American Airlines and Southwest Airlines posted second-quarter profits Thursday, getting a lift from federal aid and a surge in travel demand.

Fort Worth, Texas-based American reported net income of $19 million, snapping five consecutive quarters of losses, thanks in part to more than $1 billion in federal payroll support. Revenue for the three months ended June 30 came in at $7.48 billion, up from just $1.6 billion a year earlier and ahead of Wall Street analysts’ forecasts, as customers returned to the skies in droves.

Adjusting for one-time items, American had a loss of $1.1 billion or $1.69 as share.

American said it plans to pay down $15 billion in debt by 2025. The most indebted of the U.S. airlines, American had a total debt of about $48 billion as of the end of the first quarter, according to FactSet.

Earlier Thursday, Southwest reported a jump in revenue in the quarter as travelers returned. The Dallas-based airline’s sales rose nearly 300% from a year earlier to to $4 billion. That was still down 32% from $5.9 billion during the same time in 2019. Net income for the second quarter totaled $348 million, compared with a $915 million loss a year earlier.

The carrier has recently grappled with hundreds of cancellations and delays during the quarter due to bad weather, technology problems and staffing shortfalls. Over the week of the Fourth of July, it offered flight attendants and other staff double pay to pick up extra shifts.

“While the rapid ramp up in June travel demand provided stability to our financial position, it has impacted our operations following a prolonged period of depressed demand due to the pandemic,” CEO Gary Kelly said in the earnings release. “Therefore, we are intensely focused on improving our operations as we restore our network to meet demand.”

Southwest said higher fuel prices and an increase in flying will drive costs higher this third quarter.

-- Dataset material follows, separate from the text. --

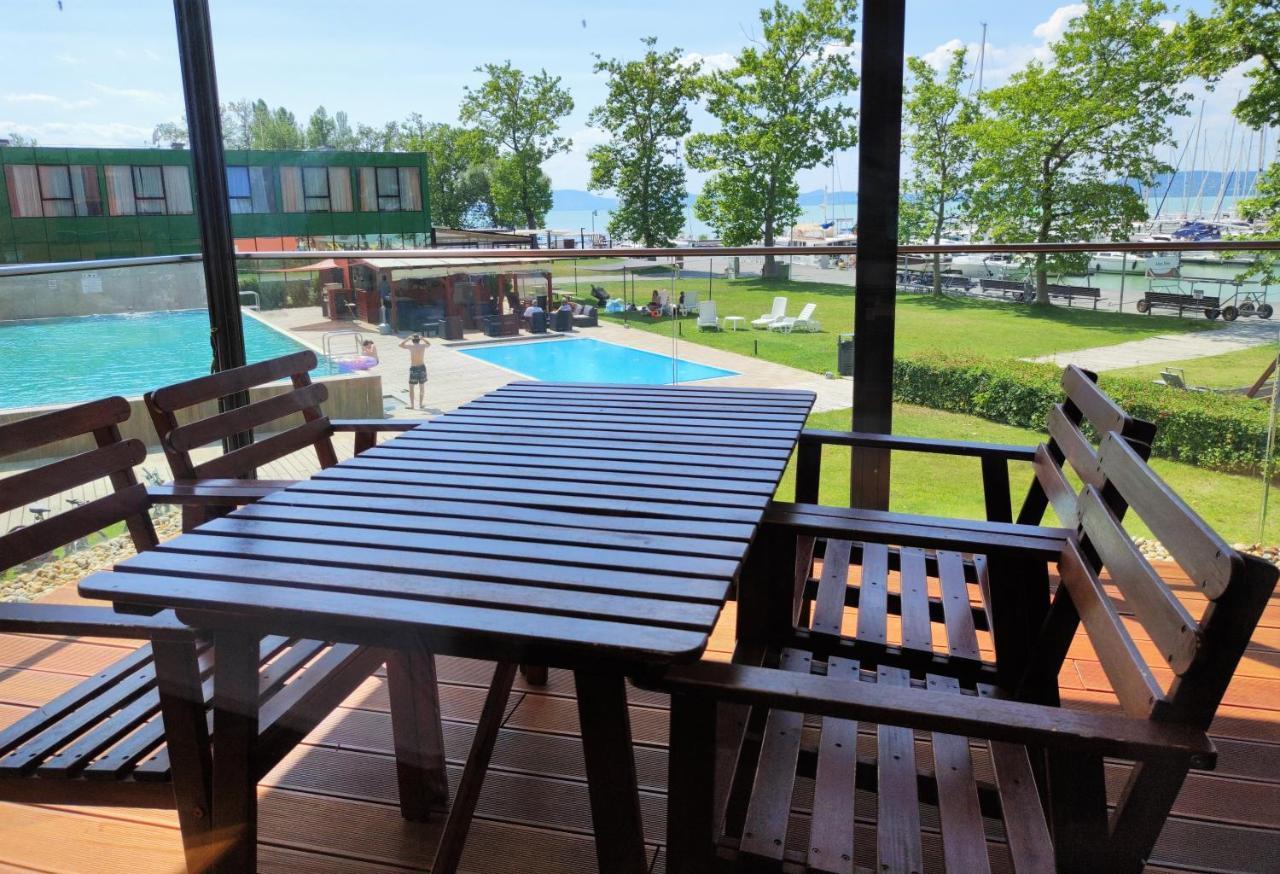 Soleil Apartmanok Balatonlelle Exteriör bild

American Airlines also faced staffing shortfalls this summer and trimmed its schedule for the first half of July by about 1%. Airlines have scrambled to bring employees, from flight attendants to customer service agents, back to work to handle the spike in demand. Carriers had pleaded with staff last year to take unpaid or partially paid leaves of absence or early retirement to cut their labor costs.

U.S. airlines have recently resumed hiring pilots and other employees or announced plans to do so.

Southwest shares were down more than 3% in morning trading, while American’s were off more than 1%.